Thread safety / memory safety: same contract as ExecuteBlockV3.
type HealthProbeResult ¶
HealthProbeResult is the outcome of a single probe on a single backend.
type HealthReport ¶
type HealthReport struct {
Backend Backend
Name string
OK bool
Err error
Probe string // first failing probe name, empty when OK
ProbesRun int
ProbeResults []HealthProbeResult
// Aggregate stats — sum of gas across probes, time of the last probe.
GasUsed uint64
Status TxStatus
ExecTime float64
}
HealthReport is the per-backend result of Health(). It aggregates the per-probe results into a single OK / not-OK signal: a backend is healthy iff every probe ran to its expected status with non-zero gas.
func Health ¶
func Health() []HealthReport
Health runs a battery of canonical bytecode programs through every backend the loaded library exposes and returns a per-backend report.
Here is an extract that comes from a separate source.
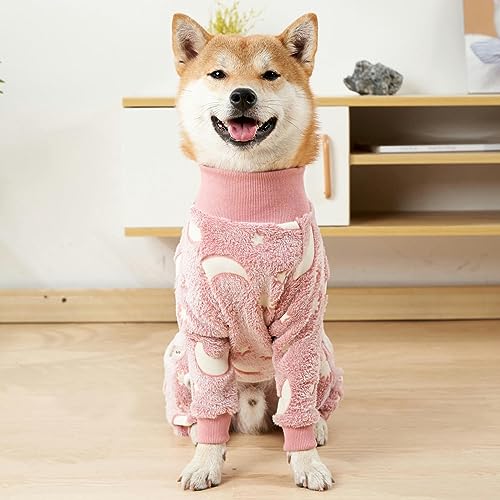 UOSIA Pijama de pelúcia para cachorro para clima frio 4 pernas roupas de lã quente macacão pijama pa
Use at process start to fail-fast on misconfigured GPUs (driver missing, library mismatch, device permissions, kernel coverage gaps). Returns nil only if the runtime cannot enumerate backends at all.
The battery covers:
- arithmetic (ADD/POP) — strict gas parity required across backends
- storage (SSTORE / SLOAD) — strict gas parity required
- hashing (KECCAK256) — non-zero gas required, parity not strict
- memory ops (MSTORE / MLOAD / MCOPY) — non-zero gas required, parity not strict
- the CALL bridge (CALL with a constant target) — must complete cleanly
A backend is reported OK iff every probe executed to its expected status with non-zero gas AND its gas matches every other backend on the strict- parity probes. A failure sets Err and Probe to identify the offending case.
type StateAccount ¶
type StateAccount struct {
Address [20]byte
Nonce uint64
Balance [4]uint64
Code []byte
CodeHash [32]byte
}
StateAccount is one entry in the snapshot of touched accounts handed to ExecuteBlockV4. Fields mirror the C-side CGpuStateAccount byte-for-byte (modulo the inline `Code` slice which the binding flattens into a single blob before crossing the cgo boundary).
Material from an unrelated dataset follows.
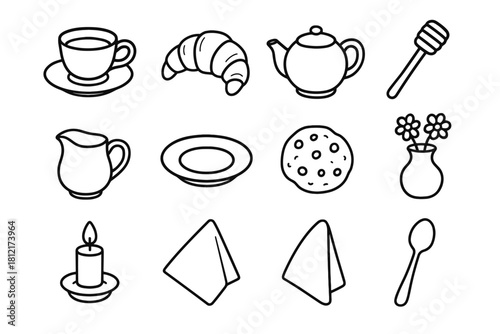 Saucer milk honey stick spoon cookie icons jug tea icon vector napkin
Address is canonical 20-byte big-endian. Balance is little-endian limbs (Balance[0] = low 64 bits). Code may be nil for EOAs — empty code is the EOA marker. CodeHash should be keccak256(code); the dispatcher does not recompute it because callers usually have it cached on the StateDB side.
type Transaction ¶
type Transaction struct {
From [20]byte
To [20]byte
HasTo bool
Data []byte // Calldata
Code []byte // EVM bytecode (optional — required for real GPU execution)
GasLimit uint64
Value uint64
Nonce uint64
GasPrice uint64
}
Transaction is a single EVM transaction to execute.
When Code is non-empty AND a GPU backend is selected, the C++ EVM dispatches each tx through the parallel opcode interpreter (Metal: kernel::EvmKernelHost, CUDA: cuda::EvmKernel). When Code is empty, GPU backends use the scheduler-only Block-STM kernel.